SOSIAL POLITIK

Tata Ruang Kabupaten Garut Direvisi Dengan Mempertimbangkan Kebencanaan

lokasi bencana di Kecamatan Bungbulang Garut selatan, foto dok
lokasi bencana di Kecamatan Bungbulang Garut selatan, foto dok

Gapura Garut ,- Direktur Penataan Kawasan pada Direktorat Jenderal Tata Ruang Kementrian Agraria/Badan Pertanahanan Nasional, Agus Susanto menyebutkan secara umum wilayah Kabupaten Garut atau Wilayah Jabar Selatan merupakan daerah multi bencana.

‎Namun kondisi tersebut Kata Agus tidak bermakna harus berdiam dan menerima keadaan yang ada,melainkan harus terus berupaya untuk bias meminimalisasi resiko dengan melakukan rekayasa mengurangi bahaya akibat bencana dan menurunkan kerentanan serta meningkatkan kapasitas.

“Kawasan rawan bencana (KRB) bisa digunakan untuk menjadi lokasi budidaya sepanjang memenuhi persyaratan, seperi daerah rawan banjir yang terlarang untuk hunian namun dibolehkan untuk pertanian.

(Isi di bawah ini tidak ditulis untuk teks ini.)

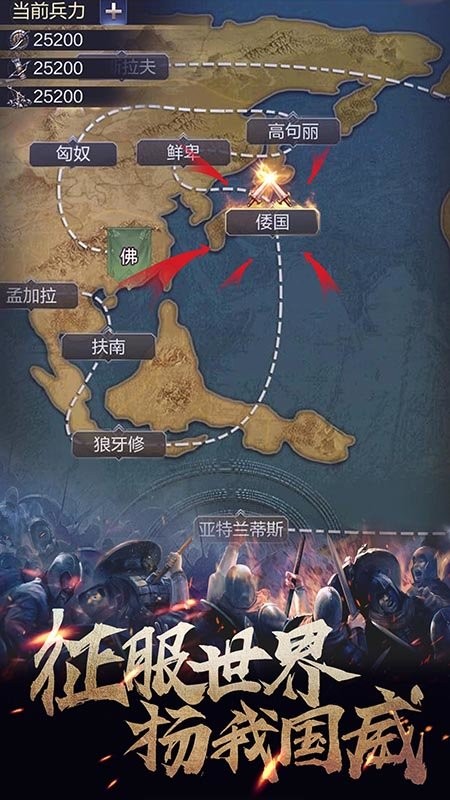 华夏英雄传游戏最新版截图3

Bahkan di lokasi aliran lahar sekali pun,” Kata Aus Susanto kepada wartawan Jumat (23/12/2016)

Menurutnya, proses pemanfaatan tersebut tetap harus dilengkapi persyaratan sesuai dengan KUPZ (Ketentuan Umum Peraturan Zonasi) terkait apa saja yang diperbolehkan dan yang dilarang.

“Saat ini dalam revisi Rencana Tata Ruang Wilayah Garut yang dikerjakan sudah memasukan pertimbangan kebencanaan, KUPZ sudah dibuat di lokasi rawan bencana, baik tsunami, banjir, gunung api, dan lainnya, jadi sudah mempertimbangkan semuanya,”ungkapnya.

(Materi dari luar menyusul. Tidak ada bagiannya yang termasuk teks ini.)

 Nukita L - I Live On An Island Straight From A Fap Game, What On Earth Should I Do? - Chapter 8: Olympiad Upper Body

Sementara itu terkait usaha kebebasan pengelolaan kawasan karena merupakan lahan milik sendiri, disebutkan Agus pemikiran tersebut harus diluruskan dengan prinsip bahwa kepentingan umum diatas kepentingan pribadi.

“Pembuatan aturan RTRW yang berbasis mitigasi‎ tujuannya adalah demi keselamatan umum sehingga pasti akan menghindarkan kepentingan pribadi jika itu bertentangan dengan aturan dalam pengelolaan kawasannya,” Tuturnya.

Agus menambahkan jika di lokasi terlarang minta ijin untuk pengelolan lahan dan sebagaimnya maka tidak boleh di ijinkan meskipun lahan tersebut merupakan milik pribadi.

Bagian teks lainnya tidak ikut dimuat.